I bought some General Finishes water based stain in black. 1 coat, wiped off after about 2 minutes, total jet black yet still able to see the grain.


----------



## Earlextech (Jan 13, 2011)

I'm with junebug - get a decent stain - General Finishes is an excellent product. Minwax, not so much.


----------



## laanguiano (Jun 15, 2010)

ditto redsled.

I am only able to use Dye stain as well, or general finishes water based stain which has rich color.
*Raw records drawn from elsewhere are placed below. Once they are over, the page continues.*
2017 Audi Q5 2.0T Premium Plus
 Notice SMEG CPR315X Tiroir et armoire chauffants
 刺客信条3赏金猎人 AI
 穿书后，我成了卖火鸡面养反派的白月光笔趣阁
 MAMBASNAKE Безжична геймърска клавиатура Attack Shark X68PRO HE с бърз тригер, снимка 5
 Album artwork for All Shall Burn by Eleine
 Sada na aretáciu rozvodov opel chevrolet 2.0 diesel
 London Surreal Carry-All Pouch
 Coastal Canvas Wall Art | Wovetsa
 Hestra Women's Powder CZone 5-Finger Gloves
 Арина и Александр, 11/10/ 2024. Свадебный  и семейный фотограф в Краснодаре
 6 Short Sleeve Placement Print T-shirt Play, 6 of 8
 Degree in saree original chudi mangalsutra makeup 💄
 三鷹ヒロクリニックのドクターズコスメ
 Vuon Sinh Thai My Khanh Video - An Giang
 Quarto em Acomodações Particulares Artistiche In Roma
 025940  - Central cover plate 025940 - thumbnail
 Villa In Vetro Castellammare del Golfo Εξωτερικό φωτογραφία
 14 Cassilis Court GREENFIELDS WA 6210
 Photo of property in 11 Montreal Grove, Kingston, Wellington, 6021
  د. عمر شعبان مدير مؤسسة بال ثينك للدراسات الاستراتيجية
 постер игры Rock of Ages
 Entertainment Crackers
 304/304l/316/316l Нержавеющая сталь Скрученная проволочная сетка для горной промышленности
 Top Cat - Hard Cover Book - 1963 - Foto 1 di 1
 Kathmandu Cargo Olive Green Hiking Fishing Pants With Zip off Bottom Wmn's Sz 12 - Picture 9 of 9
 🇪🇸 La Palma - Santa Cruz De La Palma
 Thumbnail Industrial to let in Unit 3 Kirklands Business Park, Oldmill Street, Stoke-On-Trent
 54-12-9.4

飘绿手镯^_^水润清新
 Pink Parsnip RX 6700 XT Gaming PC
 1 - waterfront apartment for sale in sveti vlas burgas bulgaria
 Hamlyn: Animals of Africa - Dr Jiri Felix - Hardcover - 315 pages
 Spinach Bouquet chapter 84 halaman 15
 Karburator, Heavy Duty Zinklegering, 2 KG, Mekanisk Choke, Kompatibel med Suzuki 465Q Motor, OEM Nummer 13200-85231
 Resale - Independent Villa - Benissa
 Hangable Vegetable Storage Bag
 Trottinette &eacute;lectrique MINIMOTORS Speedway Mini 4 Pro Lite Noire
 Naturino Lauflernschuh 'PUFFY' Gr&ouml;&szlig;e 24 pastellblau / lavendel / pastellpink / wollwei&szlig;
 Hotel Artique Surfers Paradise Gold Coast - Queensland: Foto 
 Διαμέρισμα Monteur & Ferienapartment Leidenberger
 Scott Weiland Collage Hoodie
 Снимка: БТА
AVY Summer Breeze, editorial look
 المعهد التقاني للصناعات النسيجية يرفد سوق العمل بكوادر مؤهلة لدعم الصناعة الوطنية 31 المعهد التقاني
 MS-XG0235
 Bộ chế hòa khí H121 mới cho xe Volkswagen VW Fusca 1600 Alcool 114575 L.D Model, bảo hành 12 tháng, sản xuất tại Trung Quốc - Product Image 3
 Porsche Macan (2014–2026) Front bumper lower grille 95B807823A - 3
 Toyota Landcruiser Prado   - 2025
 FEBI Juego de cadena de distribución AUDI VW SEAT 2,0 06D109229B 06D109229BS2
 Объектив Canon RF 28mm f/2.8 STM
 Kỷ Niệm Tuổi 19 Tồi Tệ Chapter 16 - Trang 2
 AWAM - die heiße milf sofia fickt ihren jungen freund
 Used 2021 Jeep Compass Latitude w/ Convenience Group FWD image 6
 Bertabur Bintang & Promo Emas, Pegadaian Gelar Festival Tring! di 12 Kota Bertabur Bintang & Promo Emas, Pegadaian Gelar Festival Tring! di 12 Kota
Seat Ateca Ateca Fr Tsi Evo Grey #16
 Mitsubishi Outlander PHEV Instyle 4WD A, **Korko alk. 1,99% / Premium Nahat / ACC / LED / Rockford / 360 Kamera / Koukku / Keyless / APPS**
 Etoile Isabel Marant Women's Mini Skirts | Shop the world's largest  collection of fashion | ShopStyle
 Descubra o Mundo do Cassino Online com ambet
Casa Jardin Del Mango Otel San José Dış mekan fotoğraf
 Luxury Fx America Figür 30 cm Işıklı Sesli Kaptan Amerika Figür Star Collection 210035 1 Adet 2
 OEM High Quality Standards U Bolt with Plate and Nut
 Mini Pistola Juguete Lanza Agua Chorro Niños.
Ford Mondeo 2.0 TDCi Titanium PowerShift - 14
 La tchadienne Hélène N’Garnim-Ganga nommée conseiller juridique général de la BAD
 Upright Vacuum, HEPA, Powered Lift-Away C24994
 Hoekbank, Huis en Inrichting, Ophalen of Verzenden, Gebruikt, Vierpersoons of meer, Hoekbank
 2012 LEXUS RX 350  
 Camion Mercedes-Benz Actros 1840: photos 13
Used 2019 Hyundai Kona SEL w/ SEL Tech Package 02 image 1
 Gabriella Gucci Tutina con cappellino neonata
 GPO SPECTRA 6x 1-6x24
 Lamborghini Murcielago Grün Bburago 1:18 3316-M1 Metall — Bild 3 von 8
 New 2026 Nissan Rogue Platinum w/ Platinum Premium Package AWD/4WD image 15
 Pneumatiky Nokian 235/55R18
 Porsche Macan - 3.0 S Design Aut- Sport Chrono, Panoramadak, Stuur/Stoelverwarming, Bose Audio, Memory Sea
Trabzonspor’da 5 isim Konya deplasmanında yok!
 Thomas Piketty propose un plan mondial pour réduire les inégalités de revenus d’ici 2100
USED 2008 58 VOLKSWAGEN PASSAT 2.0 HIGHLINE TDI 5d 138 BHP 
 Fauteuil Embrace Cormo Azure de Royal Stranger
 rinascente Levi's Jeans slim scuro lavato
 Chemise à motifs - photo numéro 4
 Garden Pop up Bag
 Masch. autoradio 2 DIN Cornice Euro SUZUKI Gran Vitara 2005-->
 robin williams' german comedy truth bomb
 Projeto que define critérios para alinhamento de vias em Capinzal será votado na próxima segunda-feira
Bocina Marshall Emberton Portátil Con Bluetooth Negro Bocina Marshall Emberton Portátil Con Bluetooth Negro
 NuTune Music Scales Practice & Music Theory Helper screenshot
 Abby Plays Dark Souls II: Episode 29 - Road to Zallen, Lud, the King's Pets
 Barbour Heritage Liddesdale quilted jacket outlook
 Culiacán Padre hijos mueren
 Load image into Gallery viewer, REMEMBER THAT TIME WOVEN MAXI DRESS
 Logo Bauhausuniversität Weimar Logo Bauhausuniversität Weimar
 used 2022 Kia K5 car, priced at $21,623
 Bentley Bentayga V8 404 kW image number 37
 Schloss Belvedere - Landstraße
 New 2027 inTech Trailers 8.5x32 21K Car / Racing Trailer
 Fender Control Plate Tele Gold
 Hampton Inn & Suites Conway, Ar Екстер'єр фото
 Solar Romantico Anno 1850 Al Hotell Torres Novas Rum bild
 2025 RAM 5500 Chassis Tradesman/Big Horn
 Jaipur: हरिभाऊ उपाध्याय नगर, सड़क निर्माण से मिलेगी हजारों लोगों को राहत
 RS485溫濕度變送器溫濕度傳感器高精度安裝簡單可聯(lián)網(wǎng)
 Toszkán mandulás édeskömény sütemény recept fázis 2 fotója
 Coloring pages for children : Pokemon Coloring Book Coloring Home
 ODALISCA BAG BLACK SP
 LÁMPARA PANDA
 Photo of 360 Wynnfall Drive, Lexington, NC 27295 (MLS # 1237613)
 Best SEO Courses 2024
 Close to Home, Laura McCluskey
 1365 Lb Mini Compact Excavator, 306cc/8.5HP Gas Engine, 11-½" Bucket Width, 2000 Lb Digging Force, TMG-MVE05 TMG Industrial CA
Anything minwax has not turned out well, their pigments are very known to be very weak. Fine Woodworking even did a test showing such.


----------



## Finisherman (May 3, 2013)

I concur with the above posts who are suggesting the use of a dye. I understand that excellent results can also be produced using India ink. This is available through arts and crafts stores. India ink is made from ultra-fine pigments, so fine, in fact, that they closely resemble an ebony dye.


----------



## CharlesNeil (Oct 21, 2007)

minwax is just no good, There I said it, its just too weak, I agree with Earlex, General finishes, Trans tint , WD Lockwood dyes do the trick, but on a black, a good "slug" of India ink will definately do the trick,it makes it super black, done it a time or 40 here ya go


----------



## SquintyPolock (Mar 16, 2013)

Thanks guys! I should have asked you before I went through the frustration (I'm a dp). From now on, I'm off the Minwax and I'll use GF dye next time.

In response to your comments:

I tried the stain sludge technique and it looked painted; I didn' like it and sanded it off the corners.

I didn't use the Polyshades. However, I did use Polyshades on my pine baseboards and woodwork in the house and was really pleased with it. The pine really soaks that stuff up.

Thanks for taking a look.

J-


----------